→ **Data in this exercise**
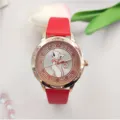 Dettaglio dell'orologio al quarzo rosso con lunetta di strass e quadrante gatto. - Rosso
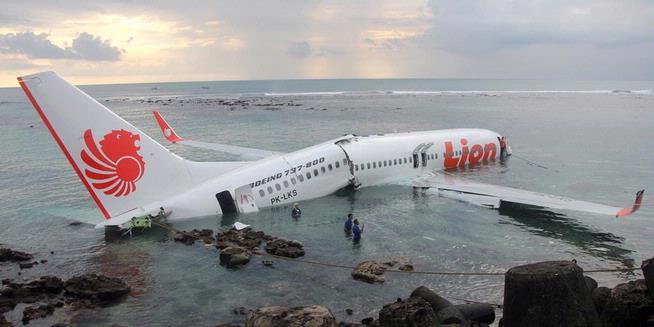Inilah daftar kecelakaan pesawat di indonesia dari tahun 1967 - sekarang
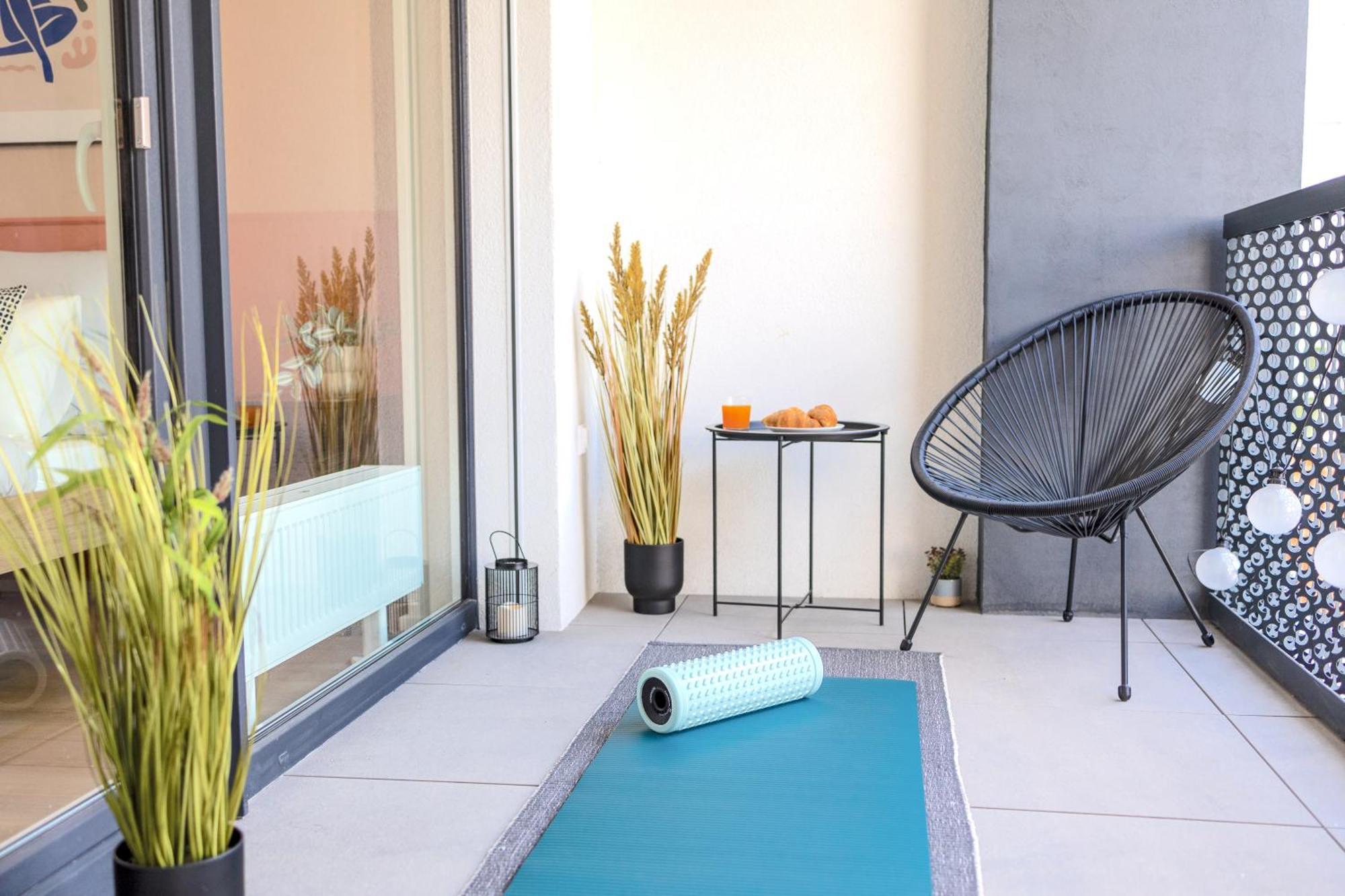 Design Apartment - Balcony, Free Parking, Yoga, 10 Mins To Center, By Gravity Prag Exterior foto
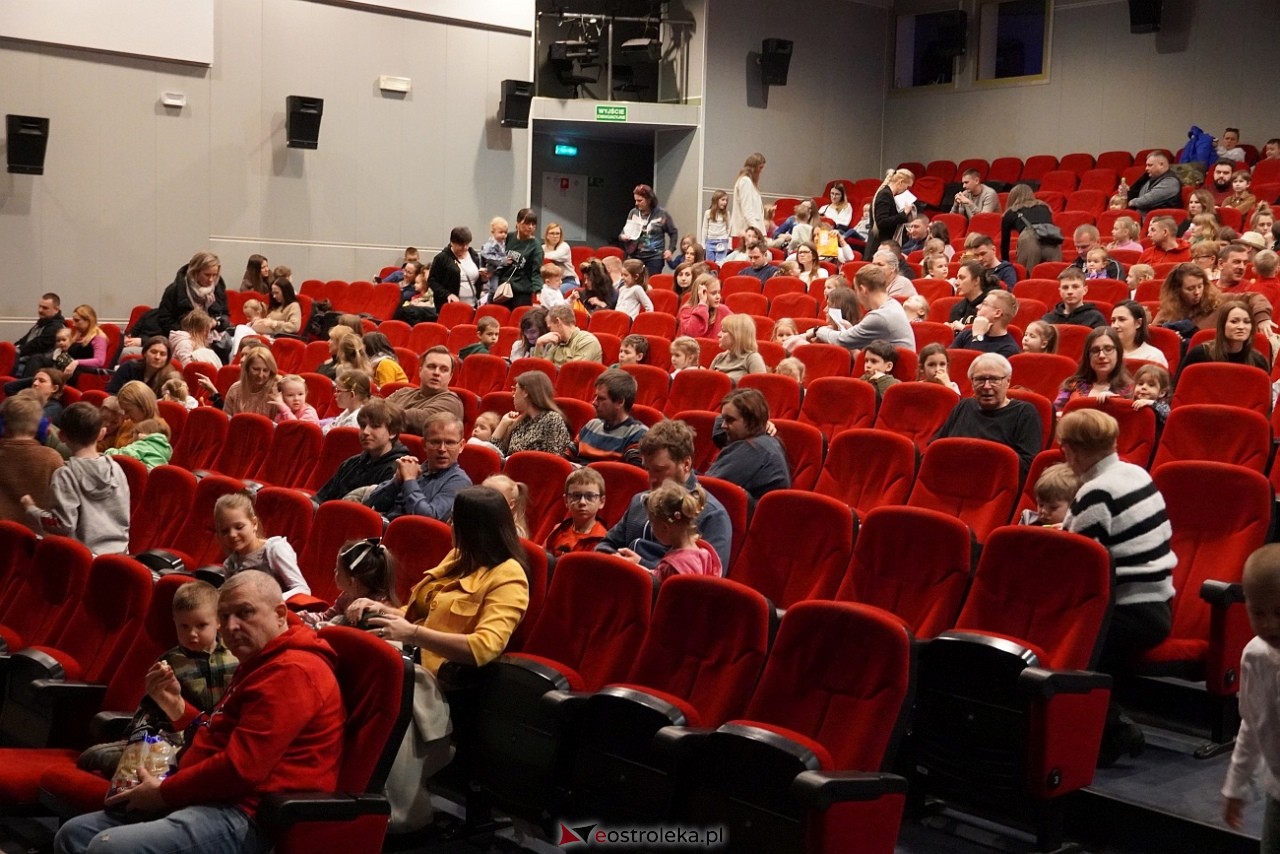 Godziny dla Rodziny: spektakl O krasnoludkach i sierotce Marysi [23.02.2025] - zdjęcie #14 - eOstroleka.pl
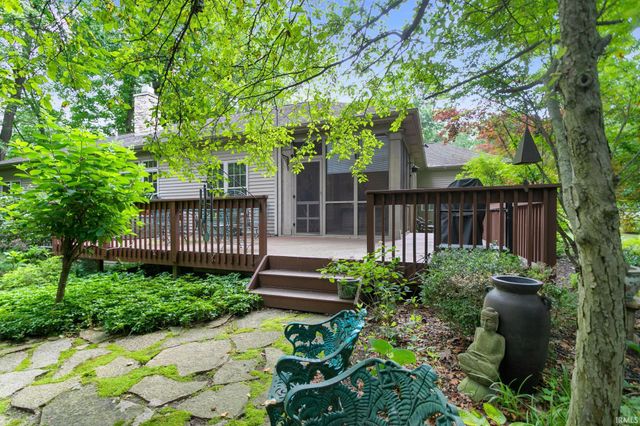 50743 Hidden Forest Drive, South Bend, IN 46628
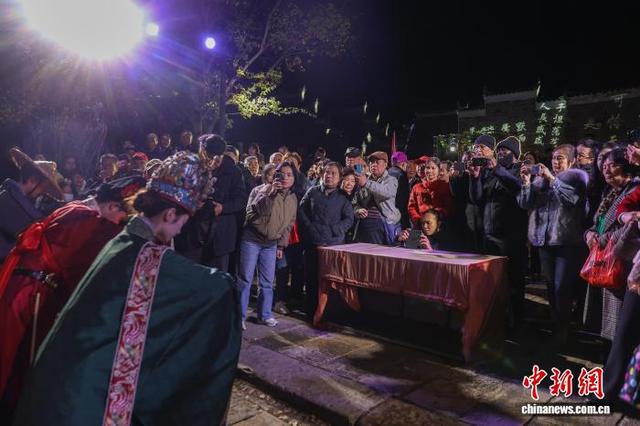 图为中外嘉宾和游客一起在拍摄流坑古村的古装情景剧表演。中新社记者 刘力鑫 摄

→ **Your objective**
An exact reproduction of all the records is required, with no pictures included.

→ **Worked solution**
 Dettaglio dell'orologio al quarzo rosso con lunetta di strass e quadrante gatto. - Rosso
Inilah daftar kecelakaan pesawat di indonesia dari tahun 1967 - sekarang
 Design Apartment - Balcony, Free Parking, Yoga, 10 Mins To Center, By Gravity Prag Exterior foto
 Godziny dla Rodziny: spektakl O krasnoludkach i sierotce Marysi [23.02.2025] - zdjęcie #14 - eOstroleka.pl
 50743 Hidden Forest Drive, South Bend, IN 46628
 图为中外嘉宾和游客一起在拍摄流坑古村的古装情景剧表演。中新社记者 刘力鑫 摄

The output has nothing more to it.